Спарта стряхнула снег с ботинок на крытом крыльце и толкнула ветхие двойные двери, чтобы быть встреченной потоком дымного воздуха и стерео-звуком плохого качества. Большую часть небольшой толпы составляли пары студентов колледжа, возвращавшиеся с лыжной прогулки. Несколько, по виду, местных мужчин, одетых в рваные джинсы и потертые клетчатые фланелевые рубашки поверх теплого нижнего белья, собрались в конце длинного бара из красного дерева. Они не сводили с нее глаз, пока она смело шла к ним.

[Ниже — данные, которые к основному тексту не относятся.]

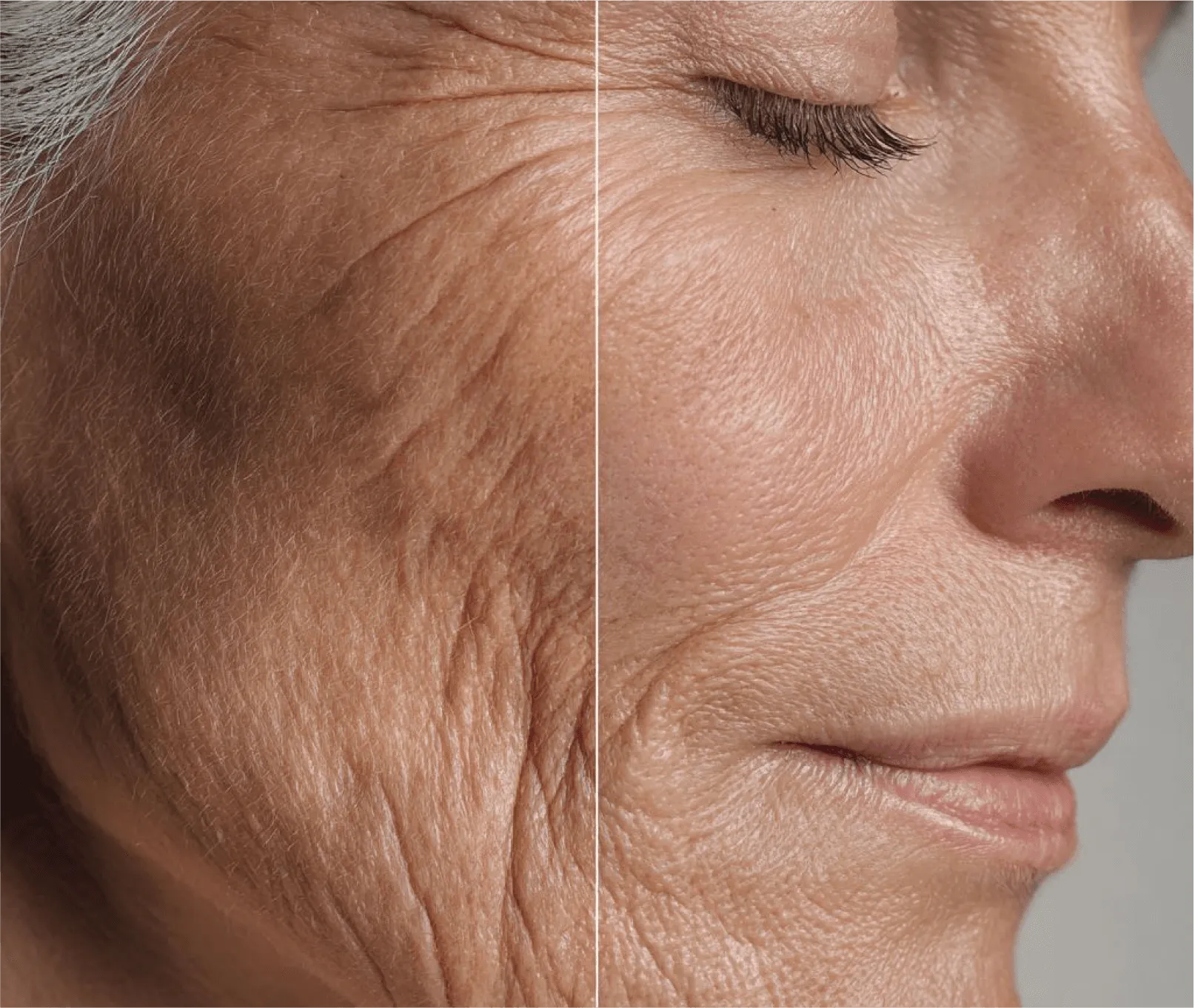 Anti-Aging Treatments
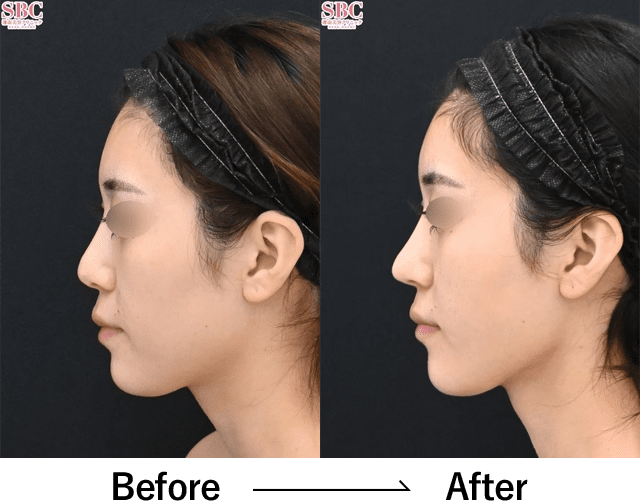 シャープ鼻セット(鼻尖形成術 + 鼻尖部軟骨移植)３ヶ月後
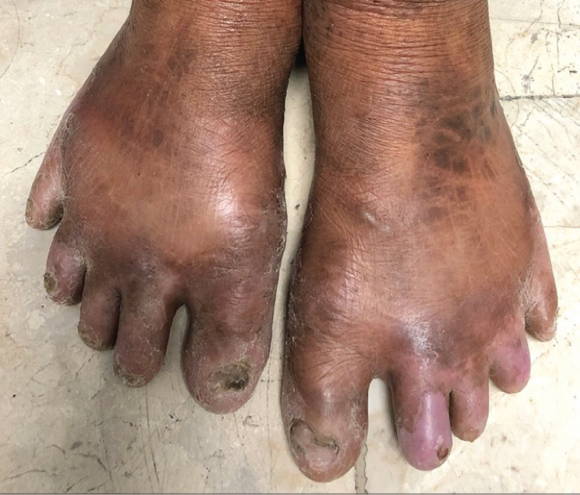 Hyperpigmented nodules, ulcerations, and deformities of the feet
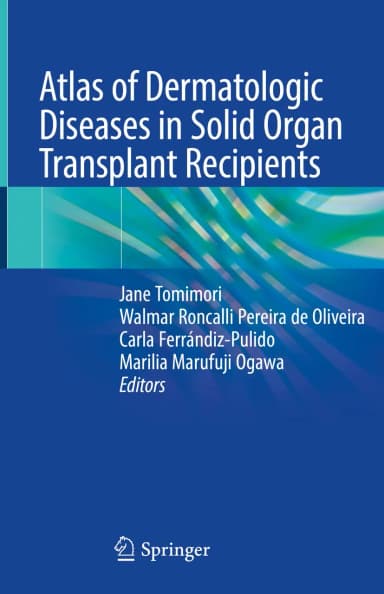 Image of - Atlas Of Dermatologic Diseases In Solid Organ Transplant Recipients | Hardcover
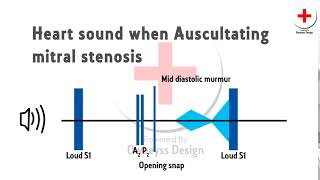 heart sound  Mitral stenosis [upl. by Parrott804]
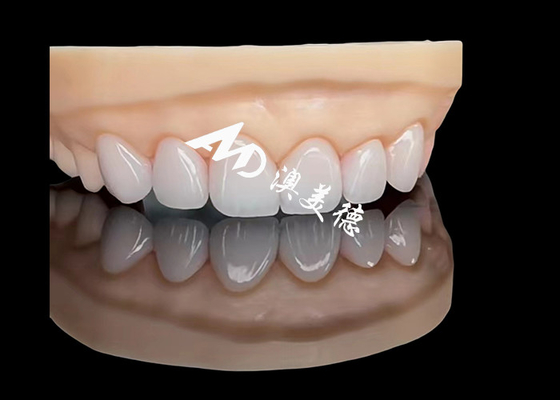 comprare Porcellana EMAX Veneer Ripristino estetico di alta precisione con una durata superiore online manufacture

Плотника, которого она подслушала, было легко опознать по лазерной линейке в потертой кожаной кобуре на бедре. Она села на табурет рядом с ним и посмотрела на него долгим, презрительным взглядом, ее глаза были сосредоточены чуть позади его головы, прежде чем перевести взгляд на бармена.
Курчавые рыжие волосы бармена поразили ее. Это быстро прошло — у него была курчавая борода.
— Что будет, леди?
— Стакан красного вина. У тебя есть что-нибудь приличное поесть? Я умираю с голоду.